Yes, backlog is also for ESTABLISHED, but not accept()ed sockets.
However, in FreeBSD backlog does not account sockets in syncache
(SYN_RECV
state). I do not know about Linux.

Radek_Burkat · February 10, 2009, 9:23am

I actually tried the latest 0.6x and .7x. The value of 10 was just for
testing and reproducing what I was seeing. I had the system backlog at
1024 so I must have been hitting the 511 of nginx. I verified at least
on
rel5/centos5 that when the backlog is reached, no RST packet is sent.
The
SYN is just dropped and ignored. This is also consistent with the
documentation of backlog behavior from Stevens, Unix Network
Programming.

One of the things that the documentation suggests, but is very vague
about,
is that the backlog count may not only be connections that are in the
SYN_RECV state but also connections that are in the soft ESTABLISHED
phase.
That is server sent out the syn/ack but has not yet received the
ack/first
data from the client. I’ll try to verify this.
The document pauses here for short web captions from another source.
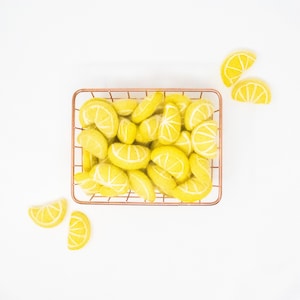 Felted Fruit Slices | Felt Fruit DIY Summer Party Decor Garland | Grapefruit Orange Lemon Lime Watermelon | Select Quantity + Type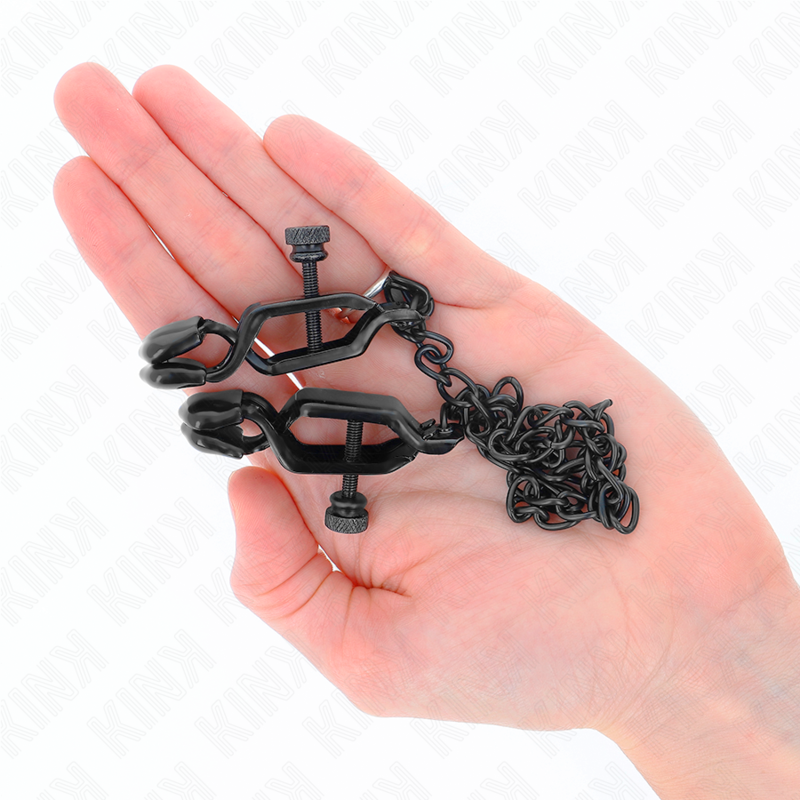 KINK - FLAT CHAIN NIPPLE CLAMPS BLACK 30 CM - Amore24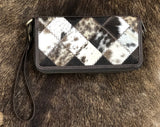 Cowhide Wallet - Double Zip-CWDZ001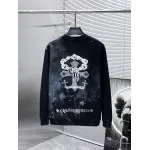 CHROME HEART Hoodie  Black andWhite,8639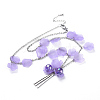 Petal Acrylic Pendants Necklaces and Dangle Earrings Jewelry Sets SJEW-JS01024-2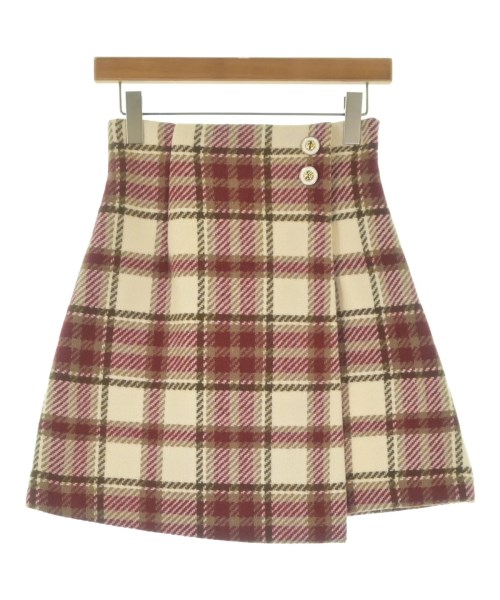 JILL by JILL STUART(ジルバイジルスチュアート)ミニスカート 赤 サイズ:S/2200671078089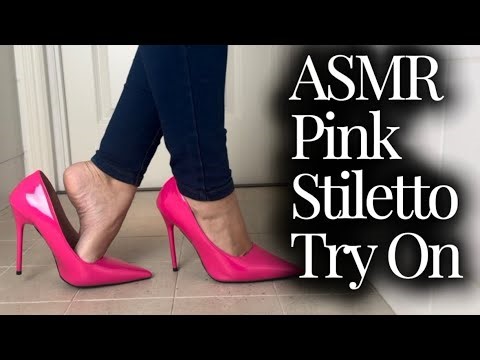 ASMR | Pink stiletto Try on
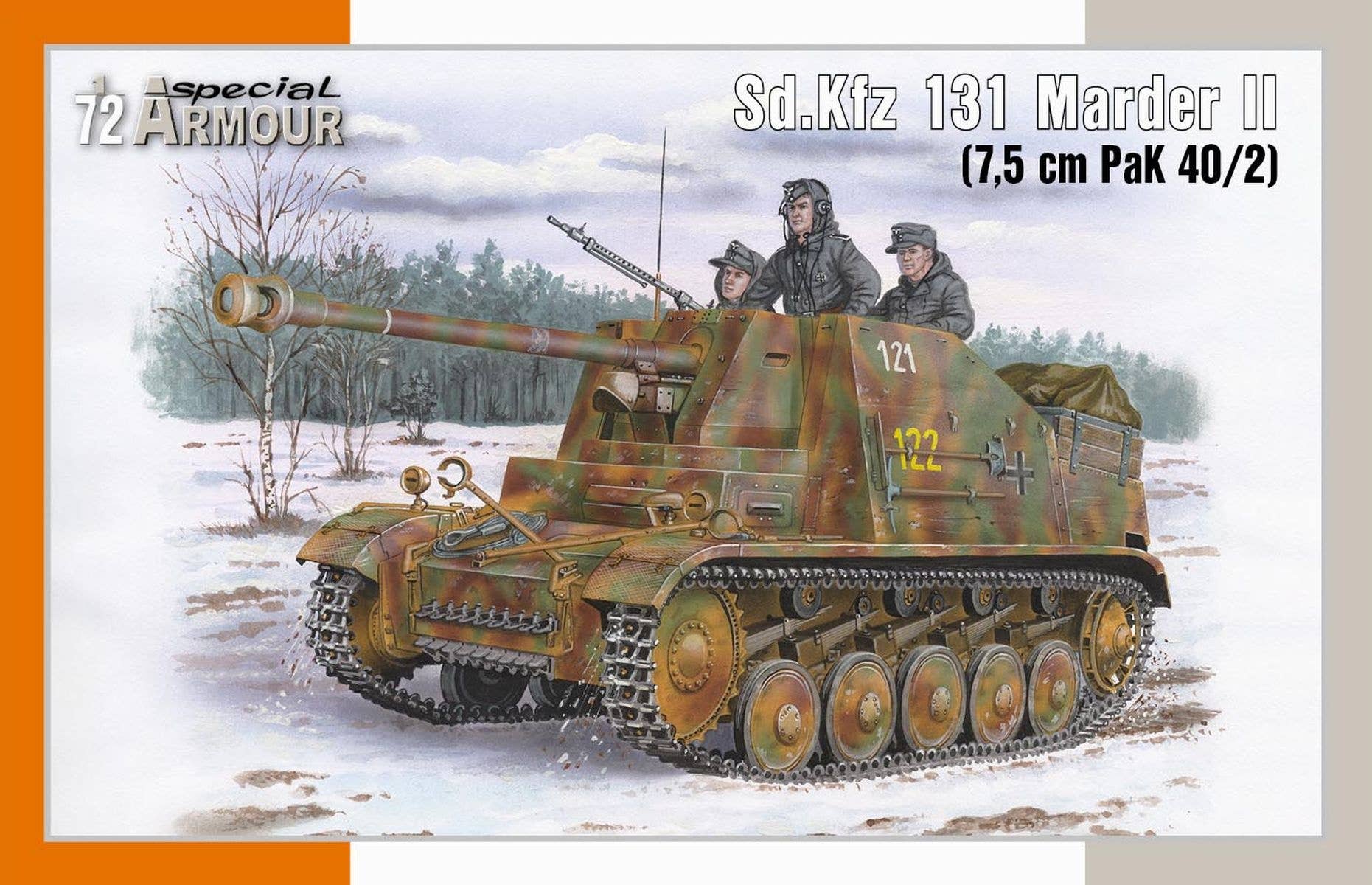 Special Armour 1/72 Sd.Kfz.131 Marder II (7.5 cm PaK 40/2) | 8594071087715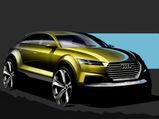 Audi TT Crossover Sketch Revealed Prior Beijing Debut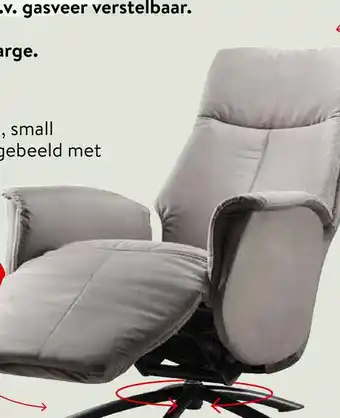 Profijt Meubel Relaxfauteuil benoni in stof ranch aanbieding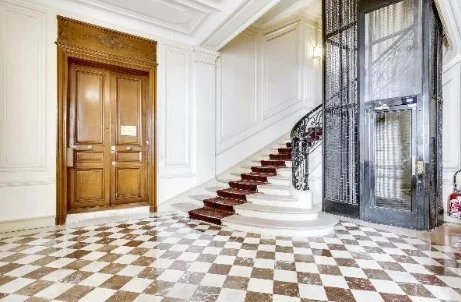 Paris 8th plenty of scope to create an absolute Parisian stunner, character apartment to renovate
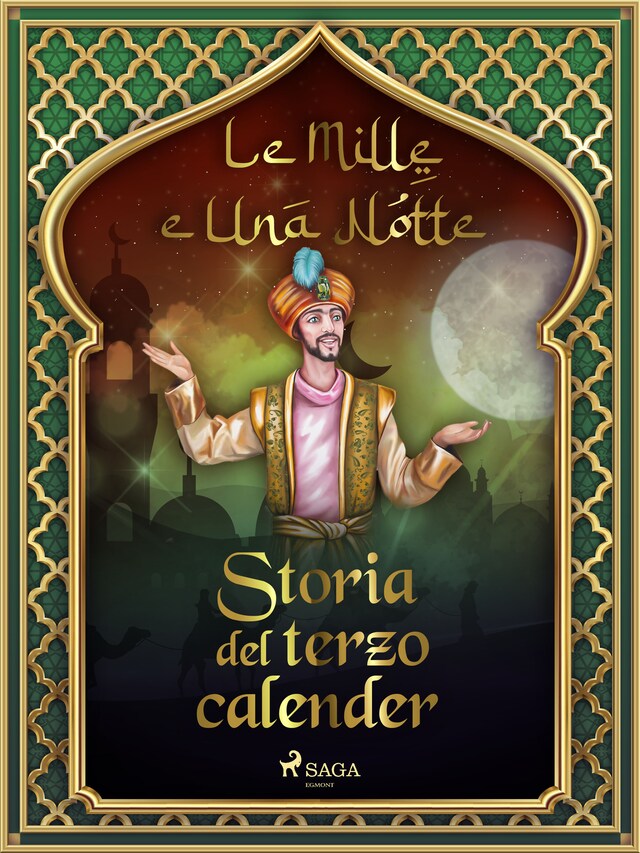 Buchcover für Storia del terzo calender (Le Mille e Una Notte 14)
It would seem that on even a moderately busy server serving pages of
images
it is very easy to hit the 511 backlog. Even though my server can
saturate
a gigabit at 16k req/s on ab, i hit this backlog limit pretty regularly
on
conditions where the average is 200 req/s.
As I explained earlier, when this happens your image is delayed by at
least
a second until the browser re requests. Worst of all there are no
errors,
or statistics that would suggest this is happening. Of course I can
just
increase the backlog but at this point might as well try to understand
this
mechanism and figure out how to detect it in the future.

I’ll investigate some more and post here in the effort that this may
help
others with debugging similar issues.

Radek